The Networking Brain Dump, Part 5: BGP
Part 5 of 6. This is the one that actually connects the internet together. BGP is what ISPs use to exchange routes with each other, what large enterprises use to connect to multiple providers, and what every autonomous system on the planet uses to announce what address space it owns. It also has the most configuration surface area of almost any routing protocol you'll encounter.
What BGP Is
BGP (Border Gateway Protocol) is the only routing protocol that runs over TCP. It uses port 179. EIGRP and OSPF operate directly over IP. BGP relies on TCP for reliable, ordered delivery instead of building that reliability into the routing protocol itself.
BGP is a path-vector protocol. It doesn't select routes based on a numeric metric the way OSPF uses cost or EIGRP uses its composite formula. Instead, it makes decisions based on path attributes: things like the list of autonomous systems a route passes through, the origin of the route, local preference values, and a dozen other attributes that can be tuned with policy. This makes BGP extremely flexible for traffic engineering and extremely easy to misconfigure.
When two BGP routers establish a TCP connection on port 179, they become peers (or neighbors). They exchange their full BGP routing tables once. After that initial exchange, they only send incremental updates as routes change. BGP does not send periodic full-table refreshes the way some other protocols do.
eBGP vs iBGP
BGP has two operating modes depending on whether the peers are in the same autonomous system.
eBGP (external BGP): Peering between routers in different autonomous systems.
- By default, eBGP peers must be directly connected.
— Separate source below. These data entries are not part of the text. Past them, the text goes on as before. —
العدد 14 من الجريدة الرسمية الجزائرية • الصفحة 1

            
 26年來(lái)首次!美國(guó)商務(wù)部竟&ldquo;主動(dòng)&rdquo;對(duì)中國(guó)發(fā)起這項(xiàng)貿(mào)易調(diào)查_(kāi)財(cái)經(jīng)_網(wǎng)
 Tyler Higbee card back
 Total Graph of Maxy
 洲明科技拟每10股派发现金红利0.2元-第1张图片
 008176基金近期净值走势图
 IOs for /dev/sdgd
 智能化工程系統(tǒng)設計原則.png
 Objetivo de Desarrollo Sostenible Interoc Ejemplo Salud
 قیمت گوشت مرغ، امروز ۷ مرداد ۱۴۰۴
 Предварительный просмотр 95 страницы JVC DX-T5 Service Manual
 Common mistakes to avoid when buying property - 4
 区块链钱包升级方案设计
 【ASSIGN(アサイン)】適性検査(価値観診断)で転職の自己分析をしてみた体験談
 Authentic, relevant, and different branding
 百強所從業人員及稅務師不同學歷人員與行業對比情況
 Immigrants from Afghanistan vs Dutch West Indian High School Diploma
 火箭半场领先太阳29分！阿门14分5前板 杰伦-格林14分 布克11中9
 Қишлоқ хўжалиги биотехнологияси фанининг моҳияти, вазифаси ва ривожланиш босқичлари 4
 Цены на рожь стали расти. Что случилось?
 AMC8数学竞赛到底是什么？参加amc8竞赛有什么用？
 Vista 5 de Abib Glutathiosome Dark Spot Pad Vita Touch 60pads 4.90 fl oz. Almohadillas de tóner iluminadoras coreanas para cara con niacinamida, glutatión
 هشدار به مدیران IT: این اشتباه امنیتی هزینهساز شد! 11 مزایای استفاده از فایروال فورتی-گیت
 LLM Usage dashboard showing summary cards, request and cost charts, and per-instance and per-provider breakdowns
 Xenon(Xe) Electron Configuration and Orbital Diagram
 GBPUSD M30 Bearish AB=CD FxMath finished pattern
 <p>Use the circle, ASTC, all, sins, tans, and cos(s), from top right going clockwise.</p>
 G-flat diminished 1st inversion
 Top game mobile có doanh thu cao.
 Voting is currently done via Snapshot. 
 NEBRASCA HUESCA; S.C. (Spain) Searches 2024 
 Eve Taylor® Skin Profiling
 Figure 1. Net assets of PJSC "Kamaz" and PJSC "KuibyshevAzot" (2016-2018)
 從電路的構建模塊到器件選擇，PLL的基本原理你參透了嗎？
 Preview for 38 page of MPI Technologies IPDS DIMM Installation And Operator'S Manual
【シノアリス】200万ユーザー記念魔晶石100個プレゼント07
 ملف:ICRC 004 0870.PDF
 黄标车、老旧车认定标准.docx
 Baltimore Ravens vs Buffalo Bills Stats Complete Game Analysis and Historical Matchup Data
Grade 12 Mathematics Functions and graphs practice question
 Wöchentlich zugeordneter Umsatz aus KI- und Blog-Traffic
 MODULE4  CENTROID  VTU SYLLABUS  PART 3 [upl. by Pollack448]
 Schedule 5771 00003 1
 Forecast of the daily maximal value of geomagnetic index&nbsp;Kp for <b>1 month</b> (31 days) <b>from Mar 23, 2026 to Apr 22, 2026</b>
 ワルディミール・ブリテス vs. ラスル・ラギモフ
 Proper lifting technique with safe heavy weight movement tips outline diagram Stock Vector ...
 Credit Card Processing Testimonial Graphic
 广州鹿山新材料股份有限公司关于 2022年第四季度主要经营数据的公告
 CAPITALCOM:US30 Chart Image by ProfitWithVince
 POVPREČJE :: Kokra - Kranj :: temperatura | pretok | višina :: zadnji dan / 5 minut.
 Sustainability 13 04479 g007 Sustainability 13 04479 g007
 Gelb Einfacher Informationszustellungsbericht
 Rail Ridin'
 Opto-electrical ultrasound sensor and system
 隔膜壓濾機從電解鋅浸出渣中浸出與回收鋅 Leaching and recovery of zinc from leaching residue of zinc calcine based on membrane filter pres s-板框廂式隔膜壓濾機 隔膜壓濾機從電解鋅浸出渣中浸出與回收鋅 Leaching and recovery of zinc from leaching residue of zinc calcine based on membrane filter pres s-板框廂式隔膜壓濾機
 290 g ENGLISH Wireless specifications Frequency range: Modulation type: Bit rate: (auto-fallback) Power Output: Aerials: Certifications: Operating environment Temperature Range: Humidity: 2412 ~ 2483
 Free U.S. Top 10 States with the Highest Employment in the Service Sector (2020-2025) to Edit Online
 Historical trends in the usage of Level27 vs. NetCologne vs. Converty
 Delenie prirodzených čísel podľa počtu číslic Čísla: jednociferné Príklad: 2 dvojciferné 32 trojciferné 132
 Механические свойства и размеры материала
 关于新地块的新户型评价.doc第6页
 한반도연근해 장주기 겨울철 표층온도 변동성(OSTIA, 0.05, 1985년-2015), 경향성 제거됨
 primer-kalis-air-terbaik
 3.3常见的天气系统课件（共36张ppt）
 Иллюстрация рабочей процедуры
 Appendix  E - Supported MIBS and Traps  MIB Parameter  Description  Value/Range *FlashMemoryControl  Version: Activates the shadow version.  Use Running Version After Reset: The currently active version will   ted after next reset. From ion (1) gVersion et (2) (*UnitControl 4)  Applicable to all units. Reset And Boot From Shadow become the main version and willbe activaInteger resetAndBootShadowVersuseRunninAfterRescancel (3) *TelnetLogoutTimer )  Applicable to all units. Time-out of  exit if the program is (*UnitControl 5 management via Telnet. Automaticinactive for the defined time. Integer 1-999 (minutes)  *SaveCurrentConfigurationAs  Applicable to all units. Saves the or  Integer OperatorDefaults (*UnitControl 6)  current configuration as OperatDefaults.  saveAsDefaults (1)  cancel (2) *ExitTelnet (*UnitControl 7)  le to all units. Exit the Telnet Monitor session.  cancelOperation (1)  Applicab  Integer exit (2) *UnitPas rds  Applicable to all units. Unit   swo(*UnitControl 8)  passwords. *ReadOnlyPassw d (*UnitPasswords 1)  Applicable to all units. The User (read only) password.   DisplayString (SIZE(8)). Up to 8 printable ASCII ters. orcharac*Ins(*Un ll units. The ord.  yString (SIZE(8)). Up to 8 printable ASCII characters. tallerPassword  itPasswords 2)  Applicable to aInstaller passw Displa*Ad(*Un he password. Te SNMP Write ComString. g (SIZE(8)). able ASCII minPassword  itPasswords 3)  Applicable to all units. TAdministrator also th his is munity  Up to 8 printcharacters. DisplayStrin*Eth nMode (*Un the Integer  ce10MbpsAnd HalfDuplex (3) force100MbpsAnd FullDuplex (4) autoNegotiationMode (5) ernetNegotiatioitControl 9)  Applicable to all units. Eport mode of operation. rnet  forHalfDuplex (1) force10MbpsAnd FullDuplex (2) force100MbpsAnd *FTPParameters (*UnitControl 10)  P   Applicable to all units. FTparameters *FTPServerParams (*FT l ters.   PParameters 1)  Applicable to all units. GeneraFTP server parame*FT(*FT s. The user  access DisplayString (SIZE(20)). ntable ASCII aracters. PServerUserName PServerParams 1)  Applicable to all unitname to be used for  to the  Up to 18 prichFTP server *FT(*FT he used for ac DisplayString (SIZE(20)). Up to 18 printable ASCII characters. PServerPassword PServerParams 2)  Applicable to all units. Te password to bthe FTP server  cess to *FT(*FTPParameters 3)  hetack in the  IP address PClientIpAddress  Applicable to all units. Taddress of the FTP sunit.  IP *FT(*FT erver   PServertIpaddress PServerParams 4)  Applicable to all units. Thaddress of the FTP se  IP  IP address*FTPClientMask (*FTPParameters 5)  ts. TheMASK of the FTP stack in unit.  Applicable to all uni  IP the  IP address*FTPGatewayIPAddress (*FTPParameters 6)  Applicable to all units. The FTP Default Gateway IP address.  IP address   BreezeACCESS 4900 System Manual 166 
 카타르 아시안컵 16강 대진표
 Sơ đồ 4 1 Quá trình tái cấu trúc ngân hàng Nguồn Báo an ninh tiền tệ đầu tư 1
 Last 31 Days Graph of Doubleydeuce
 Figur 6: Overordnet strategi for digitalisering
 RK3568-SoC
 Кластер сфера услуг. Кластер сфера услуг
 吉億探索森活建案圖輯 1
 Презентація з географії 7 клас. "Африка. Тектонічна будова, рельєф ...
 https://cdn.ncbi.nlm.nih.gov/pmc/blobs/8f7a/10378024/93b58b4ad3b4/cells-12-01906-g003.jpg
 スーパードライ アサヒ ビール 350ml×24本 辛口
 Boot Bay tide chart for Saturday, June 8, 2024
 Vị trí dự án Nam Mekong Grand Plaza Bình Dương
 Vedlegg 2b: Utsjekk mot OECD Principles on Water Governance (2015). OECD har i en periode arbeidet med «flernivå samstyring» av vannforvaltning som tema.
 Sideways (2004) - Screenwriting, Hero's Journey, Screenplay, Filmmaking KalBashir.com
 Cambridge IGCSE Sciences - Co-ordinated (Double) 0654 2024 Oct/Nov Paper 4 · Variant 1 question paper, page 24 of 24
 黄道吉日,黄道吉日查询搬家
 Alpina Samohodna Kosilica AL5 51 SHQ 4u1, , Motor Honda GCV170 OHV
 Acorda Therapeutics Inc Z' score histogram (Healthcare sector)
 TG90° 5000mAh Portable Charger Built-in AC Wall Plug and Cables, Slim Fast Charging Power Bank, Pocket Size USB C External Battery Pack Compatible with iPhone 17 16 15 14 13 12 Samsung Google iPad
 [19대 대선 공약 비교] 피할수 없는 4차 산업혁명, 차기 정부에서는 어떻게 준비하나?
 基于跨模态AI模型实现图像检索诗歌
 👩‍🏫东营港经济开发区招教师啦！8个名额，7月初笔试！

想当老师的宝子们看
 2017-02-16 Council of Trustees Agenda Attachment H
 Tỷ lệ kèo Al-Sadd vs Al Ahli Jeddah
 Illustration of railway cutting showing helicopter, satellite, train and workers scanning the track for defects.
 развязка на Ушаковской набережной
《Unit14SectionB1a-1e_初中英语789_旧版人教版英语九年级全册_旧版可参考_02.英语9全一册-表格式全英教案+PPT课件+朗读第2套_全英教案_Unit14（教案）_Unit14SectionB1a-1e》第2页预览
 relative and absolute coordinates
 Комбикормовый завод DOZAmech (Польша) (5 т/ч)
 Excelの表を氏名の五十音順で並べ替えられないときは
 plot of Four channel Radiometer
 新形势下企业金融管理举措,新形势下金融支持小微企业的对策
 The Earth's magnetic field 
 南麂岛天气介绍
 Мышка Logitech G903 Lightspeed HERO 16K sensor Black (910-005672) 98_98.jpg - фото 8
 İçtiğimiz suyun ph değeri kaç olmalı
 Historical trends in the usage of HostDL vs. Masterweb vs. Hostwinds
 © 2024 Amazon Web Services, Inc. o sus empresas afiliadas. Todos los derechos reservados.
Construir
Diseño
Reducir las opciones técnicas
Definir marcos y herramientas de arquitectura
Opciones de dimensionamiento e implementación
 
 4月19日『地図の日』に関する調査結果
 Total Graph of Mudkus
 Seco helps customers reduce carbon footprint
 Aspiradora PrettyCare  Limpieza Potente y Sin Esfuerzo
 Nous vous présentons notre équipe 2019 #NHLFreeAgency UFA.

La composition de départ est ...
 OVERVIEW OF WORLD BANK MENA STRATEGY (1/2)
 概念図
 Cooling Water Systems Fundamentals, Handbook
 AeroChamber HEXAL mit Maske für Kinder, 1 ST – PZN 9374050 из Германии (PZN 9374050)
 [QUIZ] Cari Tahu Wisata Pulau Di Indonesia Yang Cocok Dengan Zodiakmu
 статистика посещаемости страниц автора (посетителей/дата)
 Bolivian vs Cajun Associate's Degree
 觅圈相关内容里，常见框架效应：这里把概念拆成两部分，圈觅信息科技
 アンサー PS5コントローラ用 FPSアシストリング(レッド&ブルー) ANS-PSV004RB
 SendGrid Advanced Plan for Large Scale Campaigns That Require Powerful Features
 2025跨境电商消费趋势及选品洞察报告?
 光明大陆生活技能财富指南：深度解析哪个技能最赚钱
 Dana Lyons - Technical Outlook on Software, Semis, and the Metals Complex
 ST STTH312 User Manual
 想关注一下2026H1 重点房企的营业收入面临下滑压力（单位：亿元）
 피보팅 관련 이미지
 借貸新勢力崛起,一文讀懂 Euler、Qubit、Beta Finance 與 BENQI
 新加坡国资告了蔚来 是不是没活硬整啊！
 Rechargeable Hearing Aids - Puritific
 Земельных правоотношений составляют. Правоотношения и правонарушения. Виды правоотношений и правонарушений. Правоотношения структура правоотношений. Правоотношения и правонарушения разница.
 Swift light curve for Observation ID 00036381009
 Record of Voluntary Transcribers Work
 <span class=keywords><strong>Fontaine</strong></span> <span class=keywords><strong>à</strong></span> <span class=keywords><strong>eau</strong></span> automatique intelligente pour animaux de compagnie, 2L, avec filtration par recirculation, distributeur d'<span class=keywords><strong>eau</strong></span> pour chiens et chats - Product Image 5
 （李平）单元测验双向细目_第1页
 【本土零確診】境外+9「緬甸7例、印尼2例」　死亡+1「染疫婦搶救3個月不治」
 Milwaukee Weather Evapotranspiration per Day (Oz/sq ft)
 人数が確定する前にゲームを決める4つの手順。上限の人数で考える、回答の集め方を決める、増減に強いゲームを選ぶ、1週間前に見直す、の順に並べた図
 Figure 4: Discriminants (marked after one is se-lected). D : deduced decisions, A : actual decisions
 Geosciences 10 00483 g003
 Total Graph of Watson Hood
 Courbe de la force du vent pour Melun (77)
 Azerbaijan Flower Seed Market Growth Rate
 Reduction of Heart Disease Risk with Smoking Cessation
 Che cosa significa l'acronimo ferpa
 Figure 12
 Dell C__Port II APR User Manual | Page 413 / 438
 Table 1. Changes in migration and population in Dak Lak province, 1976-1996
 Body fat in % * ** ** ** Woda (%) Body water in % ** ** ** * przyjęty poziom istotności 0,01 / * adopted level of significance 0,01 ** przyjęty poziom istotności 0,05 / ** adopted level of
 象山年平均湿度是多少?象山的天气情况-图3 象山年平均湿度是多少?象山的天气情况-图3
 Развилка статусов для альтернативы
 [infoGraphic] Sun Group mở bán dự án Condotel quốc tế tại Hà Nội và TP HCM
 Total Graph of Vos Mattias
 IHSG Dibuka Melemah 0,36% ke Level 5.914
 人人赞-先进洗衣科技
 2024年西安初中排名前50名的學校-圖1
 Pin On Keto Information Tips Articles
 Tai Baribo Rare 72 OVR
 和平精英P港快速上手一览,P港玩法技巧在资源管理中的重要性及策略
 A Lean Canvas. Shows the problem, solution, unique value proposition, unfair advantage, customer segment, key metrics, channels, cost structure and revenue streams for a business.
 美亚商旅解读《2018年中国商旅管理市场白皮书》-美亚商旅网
If they're not, they need reachability to each other's neighbor address (e.g., static route), and you usually need 'ebgp-multihop' or equivalent TTL adjustment.
- TTL on eBGP packets is 1 by default, which is why direct connectivity is the default assumption.
- Each eBGP router adds its own AS number to the AS_PATH attribute before advertising a route to the next AS. This is how BGP detects and prevents loops: if a router sees its own AS in the AS_PATH of an incoming route, it discards that route.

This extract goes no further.